This test does not care about the internals. It cares about the HTTP contract. As long as the response shape is unchanged, the migration is invisible to the API consumers. That is the Strangler Fig in action, verified by a test.

Fakes Over Mocks

Moq. NSubstitute. FakeItEasy. They are all fine libraries. Stop using them for domain tests.

Here is the problem with mocks:

// Mock-based test -- fragile, coupled to implementation
[Fact]
public async Task ProcessBilling_CallsStripe_WithCorrectAmount()
{
    var mockGateway = new Mock<IPaymentGateway>();
    mockGateway
        .Setup(g => g.CreateCharge(It.IsAny<PaymentRequest>()))
        .ReturnsAsync(Result.Success(new PaymentResult("ch_123",
            Money.EUR(49.99m), PaymentStatus.Succeeded)));

    var service = new BillingService(mockGateway.Object, ...);

    await service.ProcessMonthlyBilling(customerId, billingDate);

    mockGateway.Verify(g => g.CreateCharge(
        It.Is<PaymentRequest>(r => r.Amount == Money.EUR(49.99m))),
        Times.Once);
}

This test verifies that BillingService calls CreateCharge with the right amount. It does not verify that CreateCharge works. It does not verify what happens when the charge fails.
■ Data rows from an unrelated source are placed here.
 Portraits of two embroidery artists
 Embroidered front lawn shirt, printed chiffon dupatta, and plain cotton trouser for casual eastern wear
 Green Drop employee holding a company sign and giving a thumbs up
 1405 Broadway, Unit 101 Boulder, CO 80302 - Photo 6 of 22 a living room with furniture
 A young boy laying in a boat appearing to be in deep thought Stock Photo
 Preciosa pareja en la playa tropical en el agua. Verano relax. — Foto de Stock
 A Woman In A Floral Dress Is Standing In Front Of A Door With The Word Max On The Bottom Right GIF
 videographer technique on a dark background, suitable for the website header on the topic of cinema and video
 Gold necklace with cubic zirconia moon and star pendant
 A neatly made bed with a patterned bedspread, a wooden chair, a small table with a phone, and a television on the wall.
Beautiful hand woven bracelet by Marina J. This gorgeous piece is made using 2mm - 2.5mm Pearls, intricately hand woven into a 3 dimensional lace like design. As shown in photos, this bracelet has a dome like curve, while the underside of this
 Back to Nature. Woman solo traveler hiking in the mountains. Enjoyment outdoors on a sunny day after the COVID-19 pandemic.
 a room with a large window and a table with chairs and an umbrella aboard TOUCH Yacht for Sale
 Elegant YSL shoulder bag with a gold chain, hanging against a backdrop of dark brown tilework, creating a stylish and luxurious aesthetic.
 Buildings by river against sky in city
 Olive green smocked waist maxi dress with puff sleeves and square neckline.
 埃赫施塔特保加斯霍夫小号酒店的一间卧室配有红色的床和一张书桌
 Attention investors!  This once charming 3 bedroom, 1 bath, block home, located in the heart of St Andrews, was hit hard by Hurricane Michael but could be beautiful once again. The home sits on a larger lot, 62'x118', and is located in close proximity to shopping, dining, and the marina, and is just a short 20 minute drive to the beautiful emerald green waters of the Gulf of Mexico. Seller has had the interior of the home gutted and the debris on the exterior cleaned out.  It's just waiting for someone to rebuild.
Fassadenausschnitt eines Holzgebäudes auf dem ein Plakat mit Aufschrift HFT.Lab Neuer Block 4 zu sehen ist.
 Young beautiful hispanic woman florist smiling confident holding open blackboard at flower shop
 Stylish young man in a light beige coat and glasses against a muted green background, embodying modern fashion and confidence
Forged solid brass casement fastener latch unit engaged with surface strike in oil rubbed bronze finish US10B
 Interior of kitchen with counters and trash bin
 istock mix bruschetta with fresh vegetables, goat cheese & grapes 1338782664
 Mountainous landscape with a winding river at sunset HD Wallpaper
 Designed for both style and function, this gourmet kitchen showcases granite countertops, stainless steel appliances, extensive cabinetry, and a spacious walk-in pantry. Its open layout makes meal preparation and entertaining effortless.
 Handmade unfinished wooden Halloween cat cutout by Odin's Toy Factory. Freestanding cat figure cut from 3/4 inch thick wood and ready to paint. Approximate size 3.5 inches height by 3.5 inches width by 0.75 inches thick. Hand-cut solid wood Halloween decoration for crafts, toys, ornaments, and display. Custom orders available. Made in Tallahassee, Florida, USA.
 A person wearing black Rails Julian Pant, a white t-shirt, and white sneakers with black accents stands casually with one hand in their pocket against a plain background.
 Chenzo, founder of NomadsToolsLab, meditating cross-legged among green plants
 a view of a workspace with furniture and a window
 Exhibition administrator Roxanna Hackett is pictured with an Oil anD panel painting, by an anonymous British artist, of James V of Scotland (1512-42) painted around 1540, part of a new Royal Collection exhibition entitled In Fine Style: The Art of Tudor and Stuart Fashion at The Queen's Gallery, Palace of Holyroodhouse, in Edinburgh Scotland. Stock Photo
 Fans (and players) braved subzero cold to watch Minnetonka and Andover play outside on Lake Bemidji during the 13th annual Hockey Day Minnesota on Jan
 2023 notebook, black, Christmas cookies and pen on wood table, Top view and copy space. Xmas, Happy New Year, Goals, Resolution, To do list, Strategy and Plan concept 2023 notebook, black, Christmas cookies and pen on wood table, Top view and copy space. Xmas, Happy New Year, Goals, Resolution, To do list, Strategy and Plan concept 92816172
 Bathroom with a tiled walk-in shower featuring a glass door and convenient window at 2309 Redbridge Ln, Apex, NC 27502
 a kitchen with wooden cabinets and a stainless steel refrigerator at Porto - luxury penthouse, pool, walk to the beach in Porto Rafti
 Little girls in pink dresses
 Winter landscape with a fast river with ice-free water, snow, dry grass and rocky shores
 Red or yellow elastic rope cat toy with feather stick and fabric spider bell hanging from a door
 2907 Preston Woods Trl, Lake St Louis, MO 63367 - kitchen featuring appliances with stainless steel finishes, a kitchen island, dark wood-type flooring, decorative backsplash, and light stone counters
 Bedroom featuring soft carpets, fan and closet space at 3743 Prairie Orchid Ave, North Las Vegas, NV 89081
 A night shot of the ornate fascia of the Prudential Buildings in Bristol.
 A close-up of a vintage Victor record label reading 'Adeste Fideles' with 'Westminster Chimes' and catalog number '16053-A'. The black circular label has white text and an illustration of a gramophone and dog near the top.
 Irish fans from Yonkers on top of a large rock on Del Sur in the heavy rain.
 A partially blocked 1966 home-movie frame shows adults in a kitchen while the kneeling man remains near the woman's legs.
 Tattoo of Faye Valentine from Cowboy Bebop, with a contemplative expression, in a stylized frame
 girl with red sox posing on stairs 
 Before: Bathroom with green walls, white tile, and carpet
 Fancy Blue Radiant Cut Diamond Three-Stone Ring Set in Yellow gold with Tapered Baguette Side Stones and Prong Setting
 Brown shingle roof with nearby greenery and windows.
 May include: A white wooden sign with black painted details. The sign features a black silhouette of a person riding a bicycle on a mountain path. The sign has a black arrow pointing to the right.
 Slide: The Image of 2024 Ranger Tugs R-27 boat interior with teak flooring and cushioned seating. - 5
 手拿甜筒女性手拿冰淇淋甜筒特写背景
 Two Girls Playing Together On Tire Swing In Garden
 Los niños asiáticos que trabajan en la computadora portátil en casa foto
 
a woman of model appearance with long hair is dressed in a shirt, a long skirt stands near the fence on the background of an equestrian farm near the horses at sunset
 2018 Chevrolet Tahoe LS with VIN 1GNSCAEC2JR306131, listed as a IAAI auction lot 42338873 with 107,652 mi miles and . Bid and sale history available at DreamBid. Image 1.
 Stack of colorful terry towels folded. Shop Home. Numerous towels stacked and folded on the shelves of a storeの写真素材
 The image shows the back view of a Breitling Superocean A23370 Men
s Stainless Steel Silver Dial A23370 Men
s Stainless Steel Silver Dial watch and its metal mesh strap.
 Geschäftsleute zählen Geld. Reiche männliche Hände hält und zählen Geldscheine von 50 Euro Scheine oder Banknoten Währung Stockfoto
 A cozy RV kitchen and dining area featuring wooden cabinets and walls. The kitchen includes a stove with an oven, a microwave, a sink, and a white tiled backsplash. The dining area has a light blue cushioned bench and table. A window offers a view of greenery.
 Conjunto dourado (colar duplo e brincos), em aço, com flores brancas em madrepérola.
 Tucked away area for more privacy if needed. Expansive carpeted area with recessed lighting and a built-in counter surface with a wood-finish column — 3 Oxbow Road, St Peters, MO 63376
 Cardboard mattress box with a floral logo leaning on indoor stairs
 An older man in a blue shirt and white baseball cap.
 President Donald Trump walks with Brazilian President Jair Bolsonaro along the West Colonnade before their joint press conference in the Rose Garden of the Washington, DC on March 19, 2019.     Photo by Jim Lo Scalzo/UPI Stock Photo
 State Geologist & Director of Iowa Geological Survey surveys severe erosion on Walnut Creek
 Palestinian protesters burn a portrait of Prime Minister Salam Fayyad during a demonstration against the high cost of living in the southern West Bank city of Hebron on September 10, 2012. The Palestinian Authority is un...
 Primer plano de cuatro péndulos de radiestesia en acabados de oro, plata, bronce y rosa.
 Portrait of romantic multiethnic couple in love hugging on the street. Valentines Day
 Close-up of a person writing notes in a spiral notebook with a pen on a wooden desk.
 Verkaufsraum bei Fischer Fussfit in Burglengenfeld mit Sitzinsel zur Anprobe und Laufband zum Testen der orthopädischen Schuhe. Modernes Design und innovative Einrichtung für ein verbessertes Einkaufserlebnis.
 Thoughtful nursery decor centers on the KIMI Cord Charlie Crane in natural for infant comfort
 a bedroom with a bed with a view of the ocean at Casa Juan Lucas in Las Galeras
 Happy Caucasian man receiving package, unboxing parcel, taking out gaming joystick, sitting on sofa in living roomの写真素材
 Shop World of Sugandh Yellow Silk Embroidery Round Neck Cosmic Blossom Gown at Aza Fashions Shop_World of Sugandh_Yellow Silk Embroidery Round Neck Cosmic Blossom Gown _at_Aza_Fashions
It does not verify what happens when the charge succeeds but returns a different status. Every new scenario requires a new Setup() line. The mock grows until it is more complex than the real adapter.

Fakes are different. A fake implements the same interface as the real adapter, with a simplified in-memory implementation. It is reusable. It is deterministic. It documents the expected behavior of the port.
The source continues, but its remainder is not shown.